Choosing Metrics

10 minute read

‘Tis the college and job application season of the year. If only schools and companies have crystal balls to see into each candidate’s future achievements, they need not interview people; since they do not have such things, SAT scores, GPA, internships, and other quantifiable metrics are used to aid decisions. Simplified metrics are by no means ideal β€” As Goodhart put it (often paraphrased), “When a measure becomes a metric, it ceases to be a good measure.” However, the opposite is worse: Making critical decisions based on heuristics, biases, and personal opinions.

The solution?
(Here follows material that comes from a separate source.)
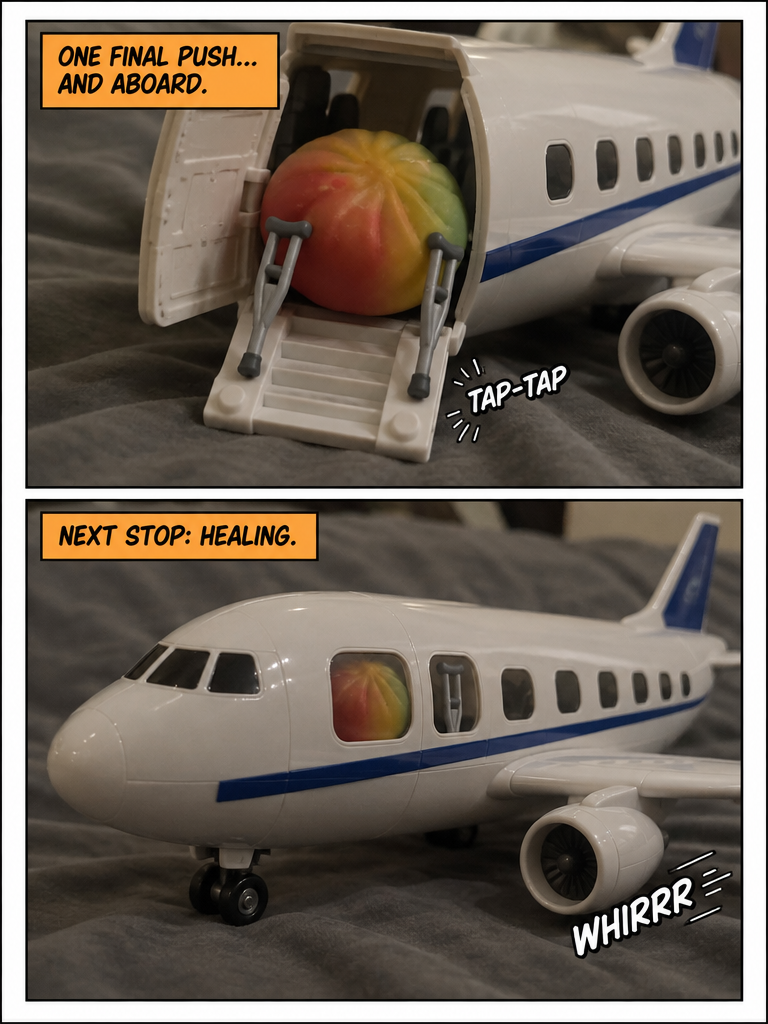 Squishy's Flight (page 4 of 4)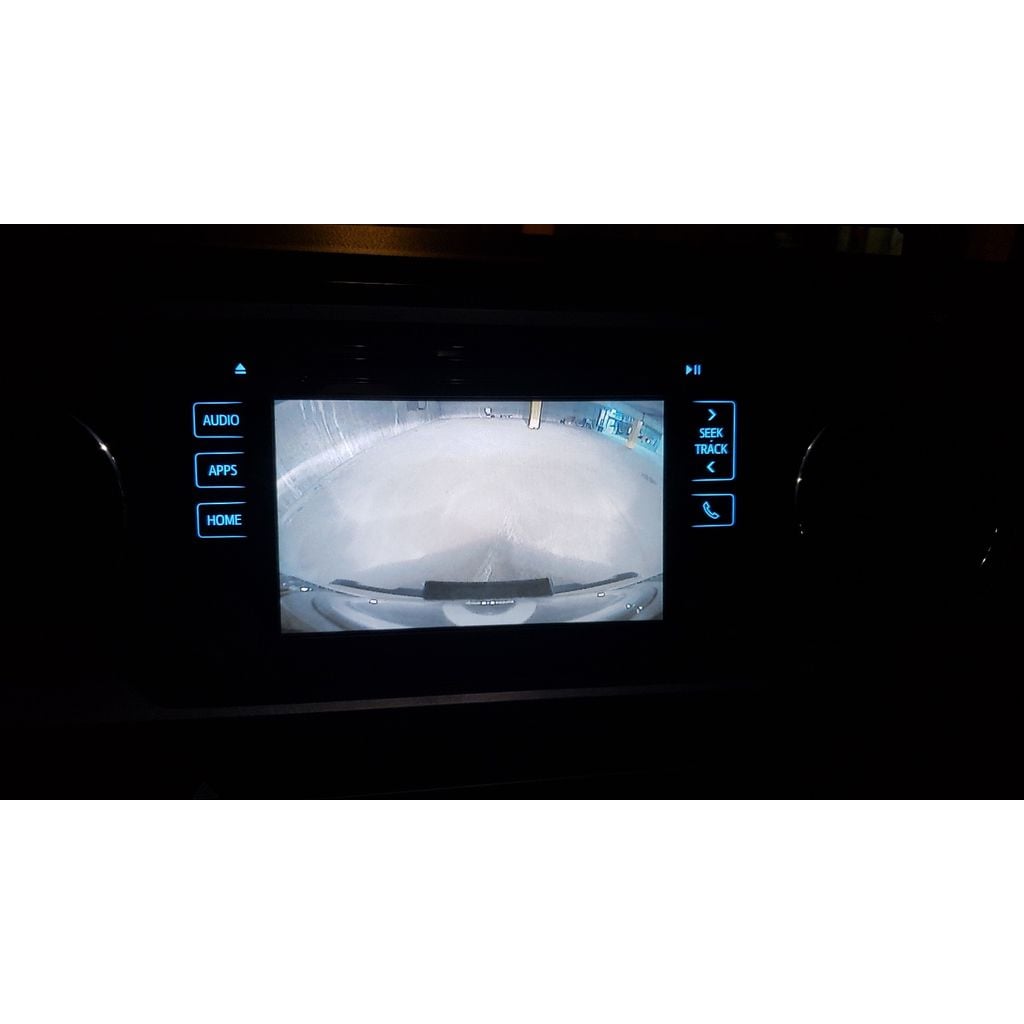 Front Camera Bracket – 1995 Toyota Tacoma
It’s not not using metrics but carefully designing good metrics:

“[…] faulty intuition, untrusted partners, and complex systems can be understood via intuitive, trustworthy, simple metrics.” β€” David Manheim, Goodhart’s Law and Why Measurement is Hard

Design Good Metrics

  1. Goal-oriented: Good metrics should track the most appropriate goals given your business model + stage (think Lean Analytics stuff) πŸ‘‰ Counterexample: For a new startup, user growth is more important than immediate revenue, so it would be unwise to bombard your site with ads early, or ever (“杀鸑取卡”)
  2. Causal: Ideally, metric movements should be caused by whether or not you’re closer to your goals πŸ‘‰ Counterexample: Stats 101 grades are correlated with Stats 102 grades, but inflating grades in 101 won’t improve 102 grades (it’s the students’ prerequisites + interests + efforts that matter)
  3. Not gameable: Related to #1, it should be hard to make good metrics look good without achieving actual goals of the product or the company πŸ‘‰ Counterexamples: The police may choose not to report crimes if solely rewarded by low crime rates; exams are designed to measure learning, but one may get by using test-taking skills (“δΈ‰ι•ΏδΈ€ηŸ­ι€‰δΈ€ι•Ώ”)
  4. Actionable: Good metrics help make good decisions πŸ‘‰ Counterexample: For a software-as-a-service (SaaS) company, by the time a user has churned, it’s already too late (resurrecting a churned user is hard and acquiring a new one is costly), so it’s better to monitor engagement + usage to prevent churning
  5. Simple: Easy to understand and compute, so people have no trouble discussing and debugging them πŸ‘‰ Counterexample: weighted sum of multiple metrics… (like the “overall evaluation metric” suggested by Ron Kohavi)
  6. Clear: No ambiguity in interpretation πŸ‘‰ Counterexample: For a search engine, longer time per session could mean people are so engaged that they keep going down rabbit holes or so confused that they can’t find what they want; we simply can’t tell (a better metric is # of sessions per user)
  7. Measurable: Can be easily measured within a reasonable time frame πŸ‘‰ Counterexample: For a MOOC site, it’s hard to track what people do with the knowledge later, even though that’s super relevant to its mission
  8. Comparable: Across time, products, and even companies πŸ‘‰ Counterexample: Absolute changes are hard to compare, so better use relative quantities (e.g., % change)
  9. Trade off between goals: When we have more than one goal, good metrics offer a trade-off β€” when driving somewhere, we want to be fast but don’t want to get tickets πŸ‘‰ speed / # of ticket is low when we drive too fast (too many tickets) or too slow (low speed) and high when we’re reasonably fast

Debug Bad Metrics

“[…] metrics sometimes becomes an excuse for doing fun math and coding instead of dealing with messy and hard-to-understand human interactions.” β€” David Manheim, Overpowered Metrics Eat Underspecified Goals

  1. Think of edge/corner cases to “game” the proposed metric
    • e.g., Udacity may achieve high conversion rate (# of conversions / # of sign-ups) by steering users away from signing up (e.g., “Hey it’s too much work! You can’t possibly finish…")
  2. Think of long-term goals that may be harmed by short-term metrics
    • e.g., Quora can increase revenue by encouraging all authors to monetize their content, but if there’s no restriction on how much content goes behind the paywall, soon users may leave for lack of good free content
  3. Bonus: Think of metrics that better align with company/product/feature goals

How to Think of Metrics?

Not so long ago, I thought of “product sense” as a misnomer: No one is born with such a sense and there’s always deliberation. After thinking extensively about products for a while, I do “sense” something now: Seeing a new product or design, I can’t help but wonder how it came to be, along with what metrics capture that.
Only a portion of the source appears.